(Assignment):
With the images removed, write out each record exactly as given.

(The data):

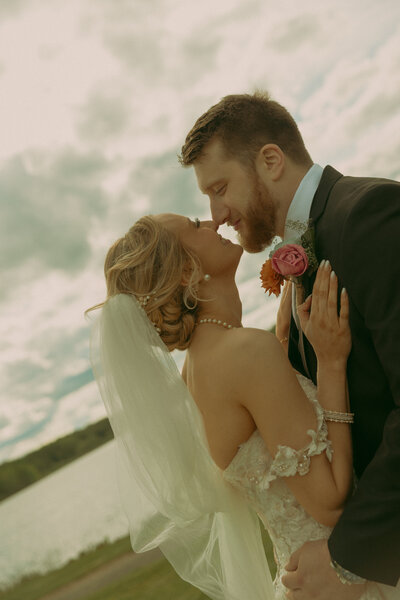 A couple holds hands while walking down the sidewalk, laughing and having fun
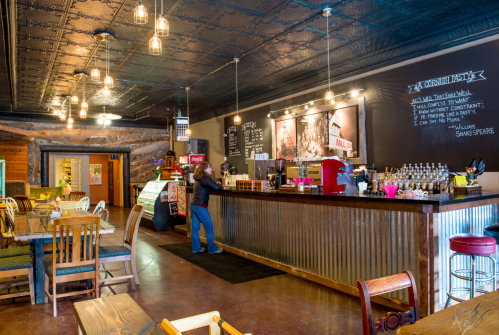A cozy café interior with a wooden bar, colorful decor, and a person standing at the counter. Warm lighting enhances the atmosphere.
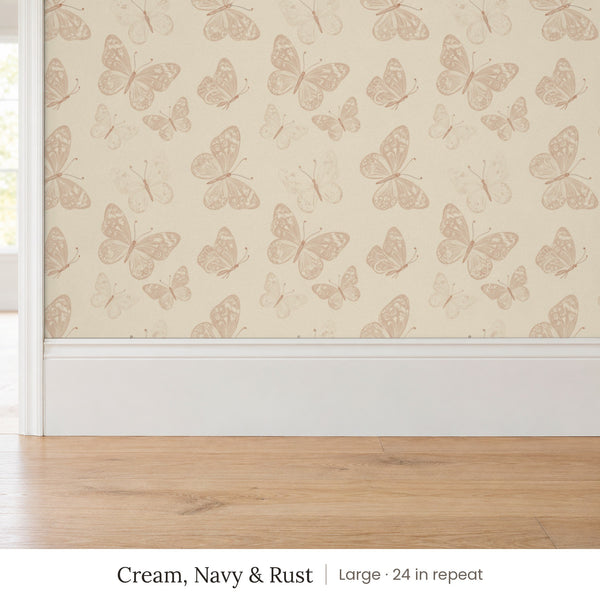 Butterfly Kisses Cream, Navy & Rust peel and stick wallpaper, large 24 in repeat, above a white baseboard and oak floor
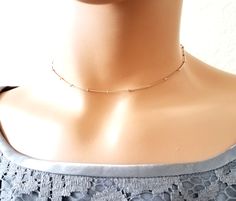 "Beautiful simple and chic necklace~ DESCRIPTION: - This listing is for the beaded gold/ rose gold/ silver necklace. - 16k gold/ rose gold/ silver plated - Handcrafted in the USA and beautifully packaged for you. LENGTHS: Use a string to measure the part of the neck where you would like it to fit, otherwise, it may be too tight if you don't measure the exact length! Comes in 3 sizes for beaded necklace Small : 12\"-14\" Medium : 13\"-15\" Large: 14\"-16\" BLUSH PINK LEATHER NECKLACE / 12-14\" on Party Clavicle Chain Choker In Rose Gold, Party Choker With Clavicle Chain In Rose Gold, Rose Gold Clavicle Chain Choker For Party, Delicate Rose Gold Chain Necklace For Party, Party Rose Gold Choker With Clavicle Chain, Minimalist Rose Gold Choker Necklace, Adjustable Rose Gold Beaded Necklace, Dainty Rose Gold Chain Necklace For Party, Dainty Rose Gold Choker With Delicate Chain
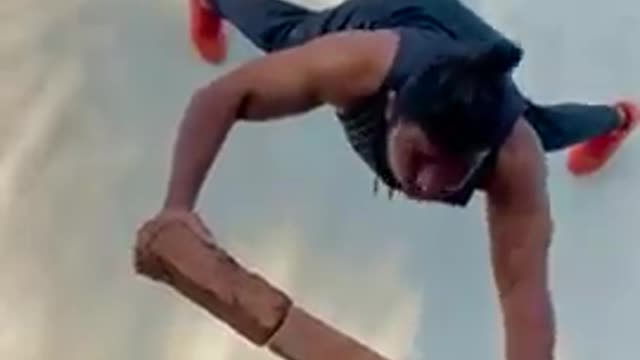 Man Does Push-Ups Against the Wall While Balancing on Three Slanting Bricks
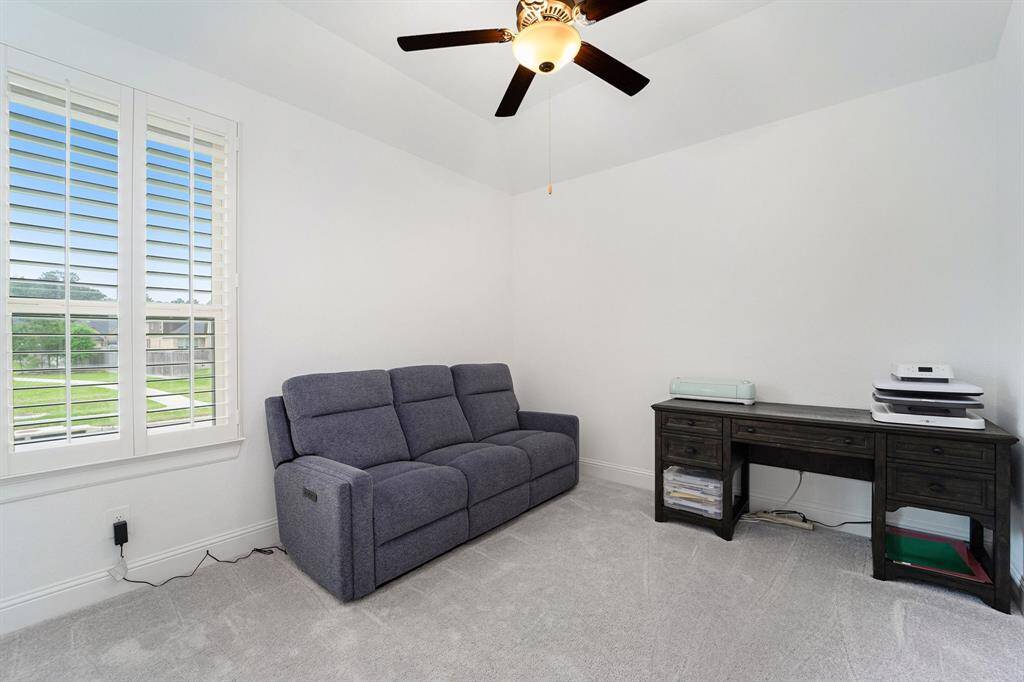 Secondary bedroom currently being used as an additional home office.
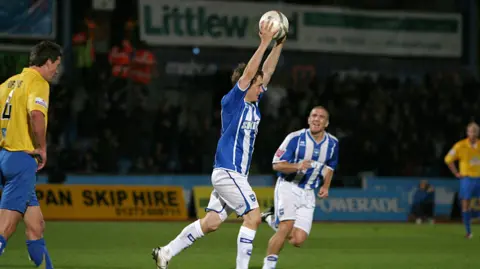 Paul Hazlewood/BHAFC Jake in 2006 running and holding the ball above his head after scoring three goals. He is wearing a blue and white striped kit with white shorts and socks. The opposition are wearing yellow and walking away and there is a small stand of the Withdean stadium behind him with yellow and blue advertising hoardings between the pitch and stand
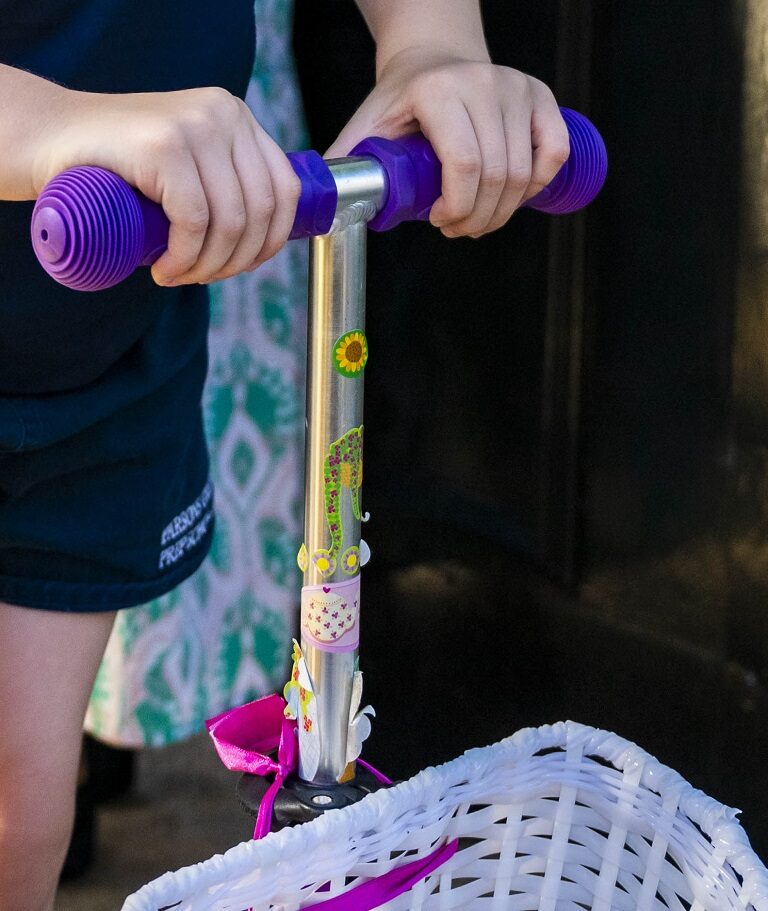 Child gripping purple scooter handlebars; silver stem decorated with stickers and a pink ribbon on a white wicker basket in front.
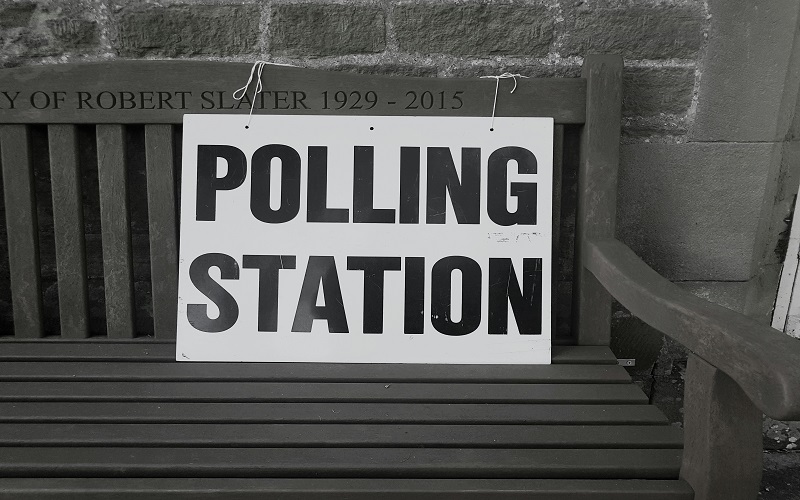 A picture of a sign saying "Polling Station" tied to a wooden bench. Photo by Steve Houghton-Burnett on Unsplash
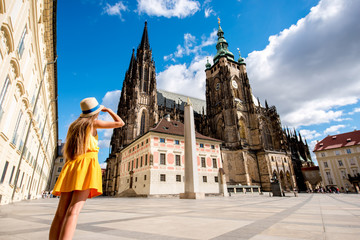 Naklejka premium Młoda turystka kobieta przed katedrą Wita na starym mieście w Pradze. Wspaniałe wakacje w Czechach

(Answer box):
 A couple holds hands while walking down the sidewalk, laughing and having fun
A cozy café interior with a wooden bar, colorful decor, and a person standing at the counter. Warm lighting enhances the atmosphere.
 Butterfly Kisses Cream, Navy & Rust peel and stick wallpaper, large 24 in repeat, above a white baseboard and oak floor
 "Beautiful simple and chic necklace~ DESCRIPTION: - This listing is for the beaded gold/ rose gold/ silver necklace. - 16k gold/ rose gold/ silver plated - Handcrafted in the USA and beautifully packaged for you. LENGTHS: Use a string to measure the part of the neck where you would like it to fit, otherwise, it may be too tight if you don't measure the exact length! Comes in 3 sizes for beaded necklace Small : 12\"-14\" Medium : 13\"-15\" Large: 14\"-16\" BLUSH PINK LEATHER NECKLACE / 12-14\" on Party Clavicle Chain Choker In Rose Gold, Party Choker With Clavicle Chain In Rose Gold, Rose Gold Clavicle Chain Choker For Party, Delicate Rose Gold Chain Necklace For Party, Party Rose Gold Choker With Clavicle Chain, Minimalist Rose Gold Choker Necklace, Adjustable Rose Gold Beaded Necklace, Dainty Rose Gold Chain Necklace For Party, Dainty Rose Gold Choker With Delicate Chain
 Man Does Push-Ups Against the Wall While Balancing on Three Slanting Bricks
 Secondary bedroom currently being used as an additional home office.
 Paul Hazlewood/BHAFC Jake in 2006 running and holding the ball above his head after scoring three goals. He is wearing a blue and white striped kit with white shorts and socks. The opposition are wearing yellow and walking away and there is a small stand of the Withdean stadium behind him with yellow and blue advertising hoardings between the pitch and stand
 Child gripping purple scooter handlebars; silver stem decorated with stickers and a pink ribbon on a white wicker basket in front.
 A picture of a sign saying "Polling Station" tied to a wooden bench. Photo by Steve Houghton-Burnett on Unsplash
 Naklejka premium Młoda turystka kobieta przed katedrą Wita na starym mieście w Pradze. Wspaniałe wakacje w Czechach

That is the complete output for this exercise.